I had a reef placed 20 miles out about 8 years ago and fished it a few times, but havent been back since the Hurricanes a few years back.

I went out to it a week ago and it was gone. Does anyone know which way it may have been moved? 

It was in about 110ft due south of Ft. Morgan.


----------



## Corpsman (Oct 3, 2007)

In that shallow water, probably gone baby gone.....


----------



## littlezac (Jun 25, 2009)

Theirs little hope that it's still in contact :reallycrying...


----------



## hardcorehare (Oct 29, 2007)

maybe sanded over since it went through all the hurricanes in the last 8 years. maybe one will uncover it in the future. i'd save the number and check once a year. if u think it might have gotten pushed or tumbled, try heading northwest from the original spot. good luck or send me the #'s and i'll look for it for ya...haha...


----------



## ryanbr (Oct 10, 2007)

Ask around a little more. If it was a heavier reef,ie. concrete pyramid, it may've just moved. Contact who ever you had put it down, because some stuff i understandall moved in much the same direction. If it wasn't concrete forget it.

Chris


----------



## Remedy (Apr 19, 2009)

Thanks It was a pyramid that was put down by the reef maker.

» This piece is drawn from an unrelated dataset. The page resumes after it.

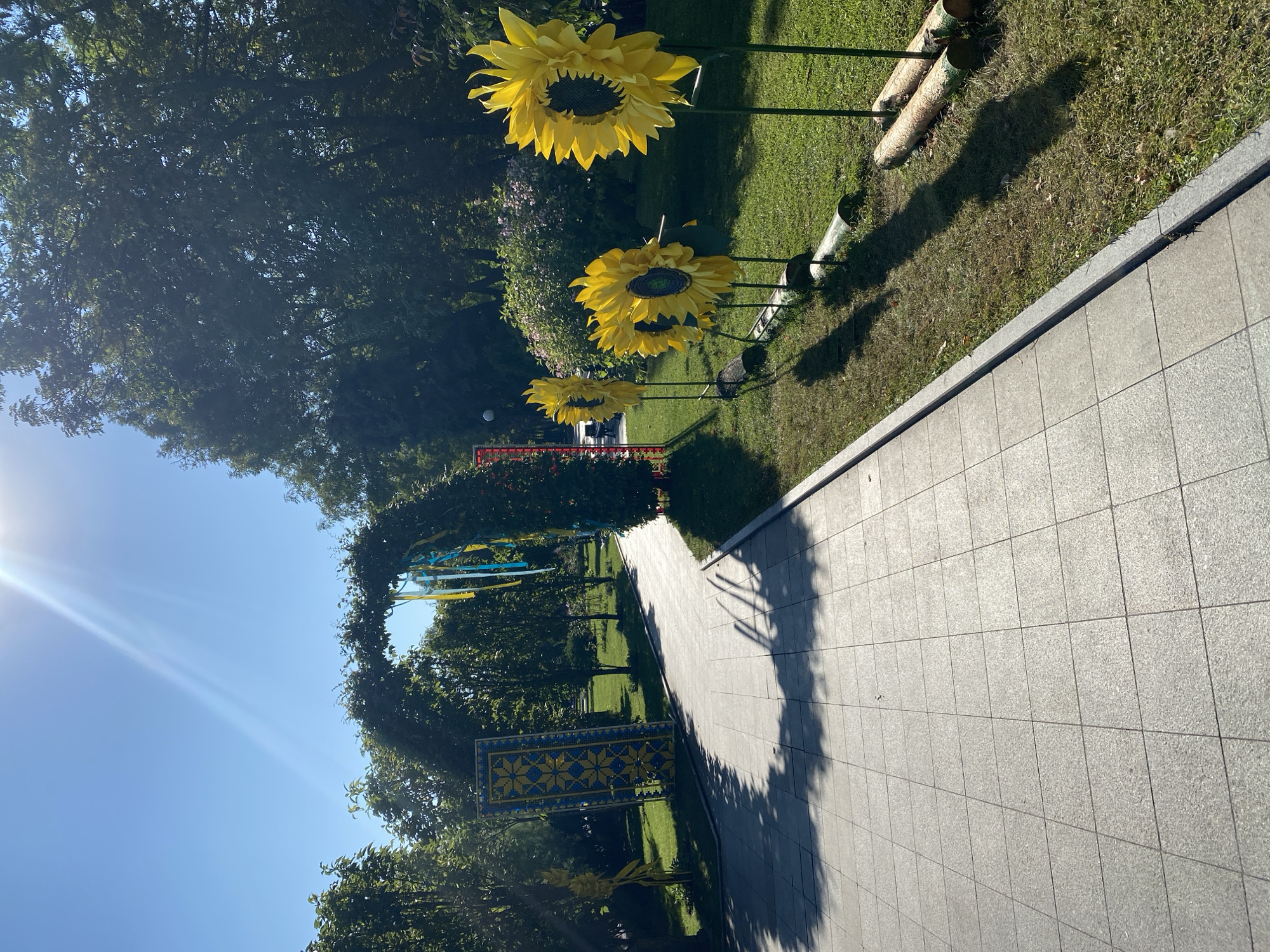 A sunlit park in Kremenchuk, Ukraine, features a paved walkway leading towards a green archway adorned with yellow and blue ribbons. To the right of the walkway, a row of large, artificial sunflowers stands on green poles, supported by logs at their bases. Beyond the sunflowers, a lush green lawn stretches towards trees and bushes. A decorative, tall rectangular panel with a yellow and blue geometric pattern is visible to the left of the walkway, near the archway. The sky is clear blue with the sun's rays creating a bright glare.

I will ask. I didnt spent too much time looking so it may be there a few hundred yards away.

thanks again


----------



## Pass Time (Feb 6, 2009)

It has been my experience that most of the smaller artificials numbers that I have had for years moved about 50 to 300 WNW. Almost everyone of them. Take some time to look around.


----------



## Remedy (Apr 19, 2009)

Thanks I will look in that direction. 

I know its there just not sure to start.

thanks again


----------